I had meant to post about this last week, because Saturday was Pi Day (!) but I didn’t get around to it. I hope you celebrated appropriately! I got so excited at 9:26am, it was almost absurd. But hey, the world needs more enthusiasm.
Shepard’s pie is easygoing. A throw-everything-you-happen-to-have in kinda meal that (with a few key ingredients) ends up fantastic. It’s a good way to use random root vegetables that are staring to look a little questionable, and though it’s a meat-and-potatoes dish, I was surprised by the high ratio of vegetables I managed to stuff in, to have it end up tasting super meaty and hearty.
This also freezes excellently. I made two (one in an 8×8 pan (which admittedly worked better) and another in a pie dish), and froze the second (let cool, then cover tightly with aluminum foil). Then when you have a potluck and don’t have time to prep a bunch of things, plop it in a cold oven and turn up to 400 or so, leaving it until it’s heated through. Yum yum yum.

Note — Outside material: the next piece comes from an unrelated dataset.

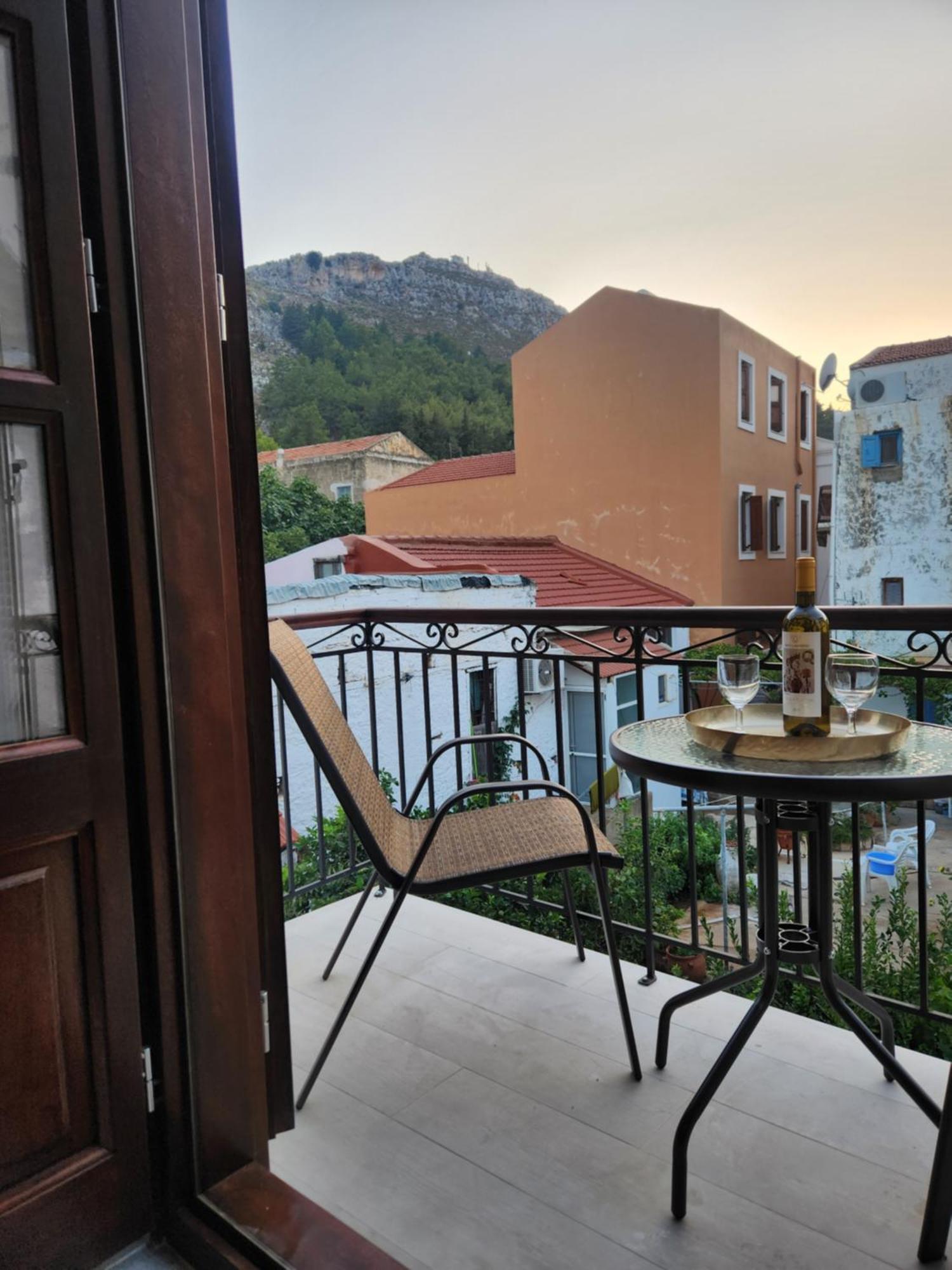 Traditional Apartments Alexandra Меис Экстерьер фото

My secret ingredient in this particular pie was heavily reduced lamb stock. Shepard’s pie can be made with beef or lamb (lamb is a little more traditional), but I didn’t have lamb and anyway beef is a little cheaper. I did, however, have some lamb bones from a roast a little bit ago, so I boiled those for a long, long while, at first with quite a bit of water and then I let it reduce to perhaps 1/4 of the volume. Ended up with a thick rich lamb juice that paired splendidly with the ground beef. However, if you don’t have that you can use chicken stock, and it will still be tasty.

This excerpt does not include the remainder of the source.